Question

A group of campers and one group leader left a campsite in a canoe traveling at a steady 8 km/h. One hour later, the other group leader left left the campsite in a motorboat with the supplies. The motorboat followed the canoe at a steady 20 km/h. How long after the canoe left the campsite did the motorboat overtake it. Show all the work..

A. 2 1/2 h
B. 1 2/3 h
C. 3/4 h
D. 2/5 h

Answer 1

B. 1 2/3 h

Explanation:

Let t represent the time since the canoe left the campsite. The distance it covers is ...

distance = rate · time

distance = 8t

The time the motorboat travels is t-1 (1 hour less time than the canoe).
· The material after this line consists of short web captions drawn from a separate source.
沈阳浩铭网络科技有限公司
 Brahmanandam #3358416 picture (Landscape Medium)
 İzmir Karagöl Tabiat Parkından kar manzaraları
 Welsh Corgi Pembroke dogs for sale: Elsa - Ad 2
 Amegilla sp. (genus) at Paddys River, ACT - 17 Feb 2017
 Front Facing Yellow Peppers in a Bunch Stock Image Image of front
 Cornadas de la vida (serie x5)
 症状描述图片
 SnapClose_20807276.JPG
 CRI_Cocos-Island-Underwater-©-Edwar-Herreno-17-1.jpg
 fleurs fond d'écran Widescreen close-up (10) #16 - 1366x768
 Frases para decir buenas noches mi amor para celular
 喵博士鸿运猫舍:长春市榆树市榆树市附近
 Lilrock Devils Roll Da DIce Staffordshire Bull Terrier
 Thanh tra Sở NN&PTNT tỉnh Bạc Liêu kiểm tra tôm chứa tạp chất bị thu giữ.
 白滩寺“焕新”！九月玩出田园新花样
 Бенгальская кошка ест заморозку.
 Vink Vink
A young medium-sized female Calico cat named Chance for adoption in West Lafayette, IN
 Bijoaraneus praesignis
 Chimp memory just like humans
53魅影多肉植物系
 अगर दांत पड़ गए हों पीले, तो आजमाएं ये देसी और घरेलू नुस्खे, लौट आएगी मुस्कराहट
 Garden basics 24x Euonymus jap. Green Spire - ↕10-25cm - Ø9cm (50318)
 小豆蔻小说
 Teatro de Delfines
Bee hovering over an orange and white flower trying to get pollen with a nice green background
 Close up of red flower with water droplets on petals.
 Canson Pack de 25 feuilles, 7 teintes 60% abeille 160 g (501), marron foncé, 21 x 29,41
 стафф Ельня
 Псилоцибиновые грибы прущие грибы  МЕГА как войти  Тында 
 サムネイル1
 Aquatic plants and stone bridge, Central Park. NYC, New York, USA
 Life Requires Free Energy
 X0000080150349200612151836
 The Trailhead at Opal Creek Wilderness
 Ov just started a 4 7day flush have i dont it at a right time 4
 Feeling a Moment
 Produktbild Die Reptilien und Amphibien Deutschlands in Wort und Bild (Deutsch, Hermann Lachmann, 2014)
The distance it covers is ...

distance = 20(t -1)

The two distances are equal at the time of interest, so we have ...

20(t -1) = 8t

20t -20 = 8t . . . . . eliminate parentheses

12t = 20 . . . . . . . . . add 20-8t to both sides

t = 20/12 = 5/3 = 1 2/3 . . . . hours after the canoe left

The motorboat overtakes the canoe 1 2/3 hours after the canoe left.

_____

Additional comment

The domain of the motorboat's distance function is t ≥ 1. It doesn't start moving until after the canoe has been gone for an hour.

The time after the motorboat starts is 2/3 hour. That is the time it takes to cover the initial difference in distance at a speed that is the difference in speeds: 8 km/(12 km/h) = 2/3 h. This problem asks for the time since the canoe started, so we need to add an hour to that.